Tango & Cash
|Tango & Cash|
|Directed by||Andrei Konchalovsky |
|Produced by||Peter Guber |
|Written by||Randy Feldman|
|Starring||Sylvester Stallone |
|Music by||Harold Faltermeyer|
|Cinematography||Donald E. Thorin|
|Editing by||Hubert C. de la Bouillerie |
Robert A. Ferretti
|Distributed by||Warner Bros.|
|Release date(s)||December 22, 1989|
|Running time||104 minutes|
|Budget||$55 million |
|Box office||$63,408,614 (US) |
Tango & Cash is a 1989 American buddy cop film directed by Andrei Konchalovsky, although Albert Magnoli took over in the later stages of filming, starring Sylvester Stallone, Kurt Russell, Jack Palance and Teri Hatcher.
The film describes the struggle of two rival LAPD narcotics detectives Ray Tango and Gabriel Cash, who are forced to work together after criminal mastermind, Yves Perret, frames them for murder.
The film begins as Ray Tango (Sylvester Stallone) drives a late-model Cadillac convertible in pursuit of a tanker truck. He cleverly stops the truck but the LA County authorities find only gasoline in the tank. Tango shoots the tank and cocaine pours out of the bullet hole. Meanwhile, Gabriel Cash (Kurt Russel) arrives at his apartment driving an old Corvette. He is shot by an intruder, but is protected by a bullet-proof vest and captures the shooter in a parking garage after a car chase. At the police station, Cash forces the shooter to tell him about a deal scheduled to take place that night.

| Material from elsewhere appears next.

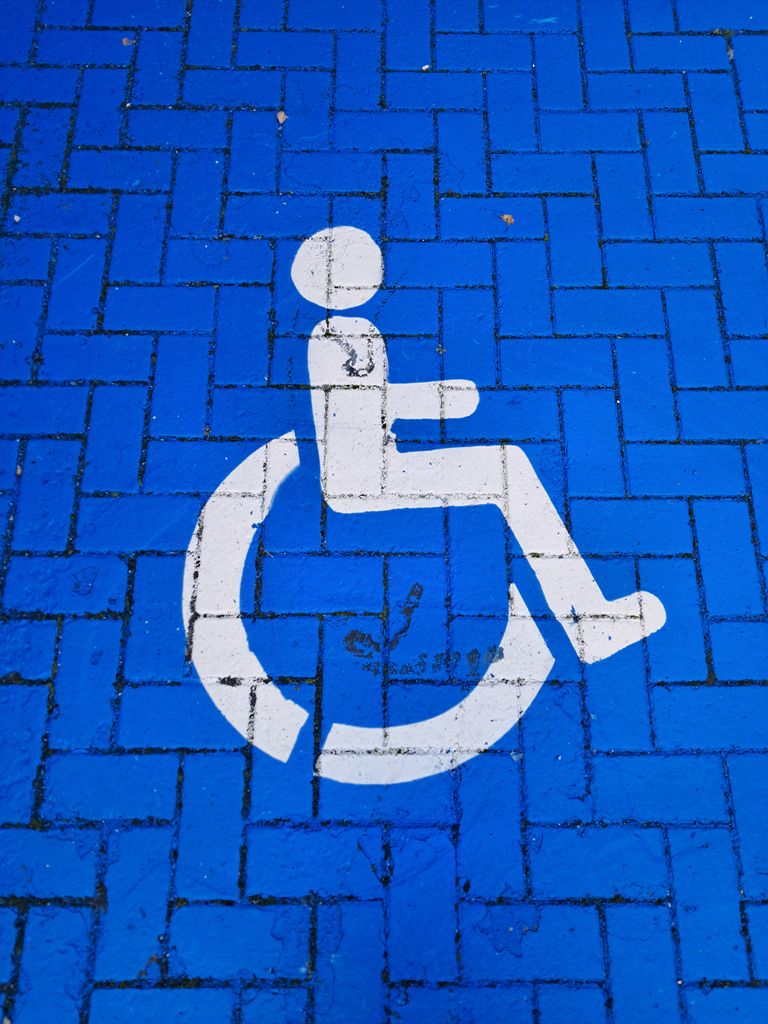White wheelchair symbol on a blue brick parking spot denoting accessibility.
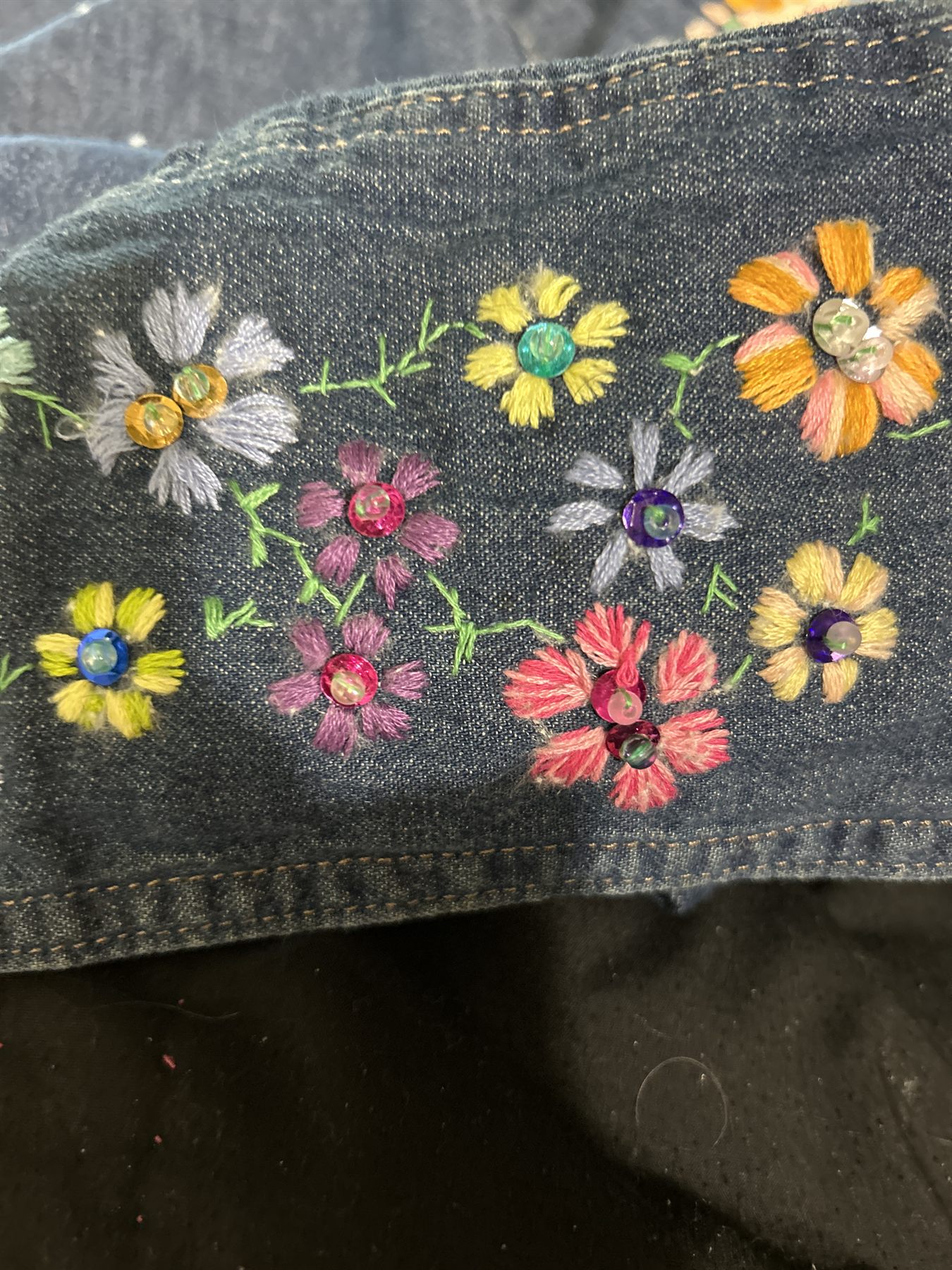 Denim cuff covered in small embroidered flowers in yellow, coral, lilac and orange, each with a sequin or rhinestone center and green stems.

However, the "deal" is really a plan by Yves Perret to frame Tango and Cash for murder. Tango and Cash separately go to an empty building, preceded by a man named Requin, Perret's lead henchman. After surprising each other, the two detectives find a dead man with audio equipment hidden under his clothing and a team of FBI agents swarms in. Agent Wyler finds Cash's pistol on the floor and arrests both Cash and Tango.
At their murder trial, the detectives are incriminated by an audio tape, secretly given to Wyler by Requin and verified in court by an audio expert, which appears to reveal them shooting the FBI agent after discussing a drug purchase. They plead no contest to a lesser charge in exchange for reduced sentences in a minimum-security prison, but are transported to a maximum-security prison to be housed with many of the criminals they arrested in the past.

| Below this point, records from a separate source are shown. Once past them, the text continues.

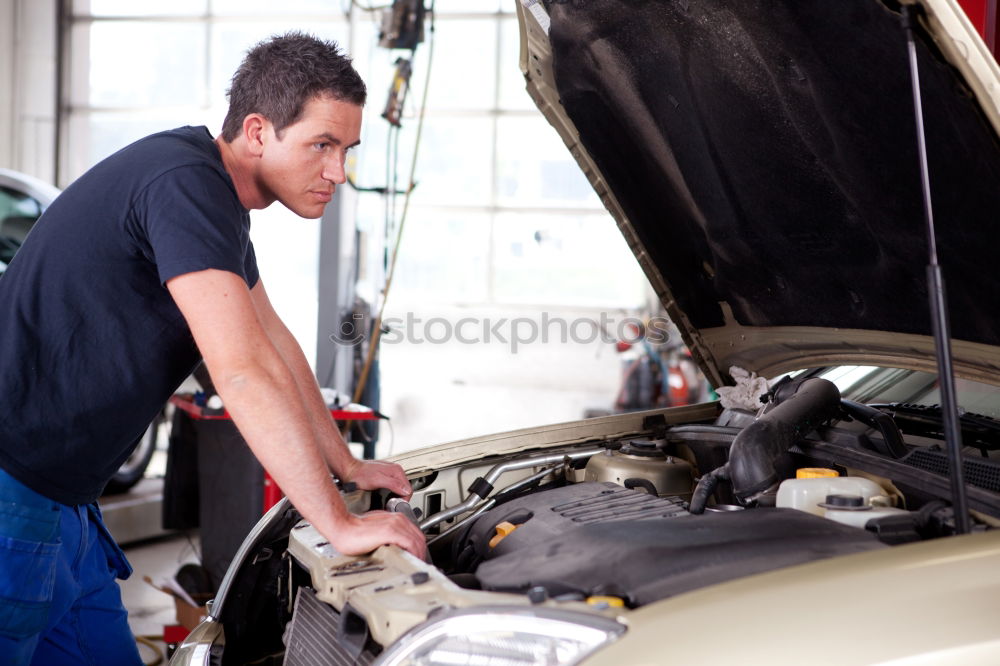 Professional Mechanic Repairing Car.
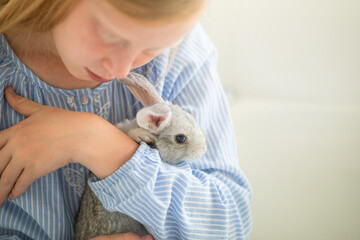 red-haired girl plays with a rabbit in a light interior, tenderness with an animal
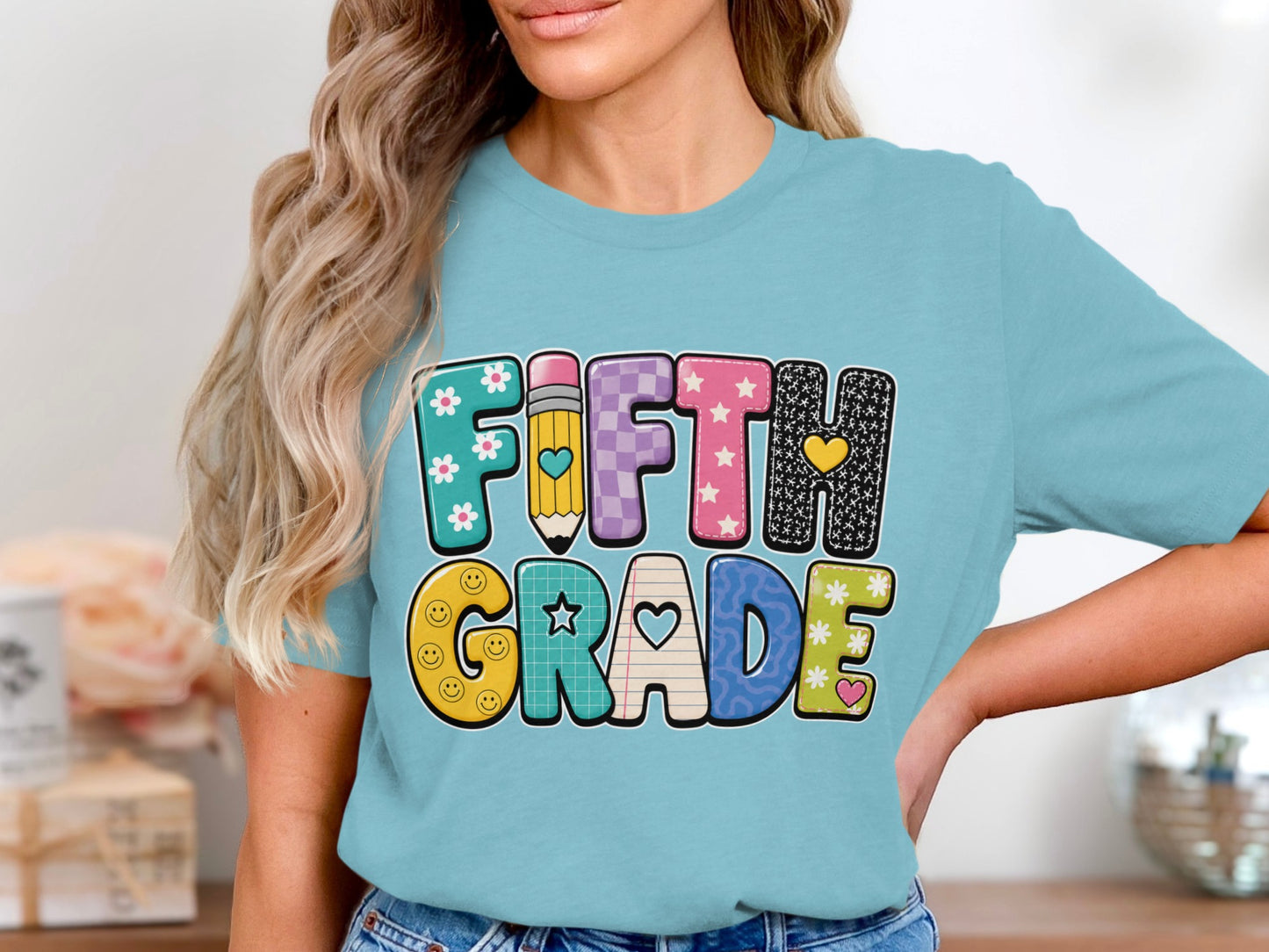 Fifth Grade text with smiley faces, flowers, and hearts on a blue t-shirt.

Once in prison, Tango and Cash are rousted from their bunks and tortured by Requin and a gang of prisoners until Matt Sokowski, the assistant warden and Cash's former commanding officer, rescues them. Sokowski recommends that they escape and provides them with a plan, but Tango refuses to go along with it. When Cash tries to escape, he finds Sokowski murdered and is attacked by prisoners. Tango rescues him and the two of them escape. Once outside the prison walls, Tango tells Cash if he needs to contact him, to go to a dance club called Cleopatra's and ask for a woman named Katherine. They then go separate ways.

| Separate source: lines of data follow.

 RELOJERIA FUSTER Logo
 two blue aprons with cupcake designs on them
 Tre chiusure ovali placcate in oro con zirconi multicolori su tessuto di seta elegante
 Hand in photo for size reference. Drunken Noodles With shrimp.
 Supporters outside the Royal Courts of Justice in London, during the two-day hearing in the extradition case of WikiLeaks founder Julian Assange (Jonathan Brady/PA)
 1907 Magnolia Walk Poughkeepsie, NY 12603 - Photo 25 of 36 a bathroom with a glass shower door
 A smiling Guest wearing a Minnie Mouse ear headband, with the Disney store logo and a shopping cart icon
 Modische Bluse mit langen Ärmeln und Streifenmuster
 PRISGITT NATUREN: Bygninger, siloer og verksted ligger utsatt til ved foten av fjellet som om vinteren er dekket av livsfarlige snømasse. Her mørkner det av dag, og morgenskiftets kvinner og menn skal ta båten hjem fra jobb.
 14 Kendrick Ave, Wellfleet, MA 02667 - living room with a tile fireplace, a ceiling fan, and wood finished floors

The detectives then visit the witnesses who framed them in court. Wyler admits to Tango that Requin was in charge of the setup, and Cash discovers that the audio expert made the incriminating tape himself. Cash finds Katherine, who prefers the nickname "Kiki," at Cleopatra's. Katherine helps Cash escape the night club as police move in on him. Later that night, Cash learns that Katherine is Tango's sister. As Tango arrives and finds them in a compromising position (Katherine was massaging Cash, but from Tango's point of view it looked like they were having sex). Tango and Cash are met at Katherine's house by Tango's commanding officer, Schroeder, who gives them Requin's address and tells them they have 24 hours to find out who Requin works for. Tango and Cash apprehend Requin and trick him into telling them Perret's name. Armed with a high-tech assault vehicle, loaned to them by Cash's weapons expert friend Owen, they drive to Perret's headquarters, crash through the outer fence, destroy a fleet of armed trucks, hijack two heavy vehicles, crash into the main building and kill several guards.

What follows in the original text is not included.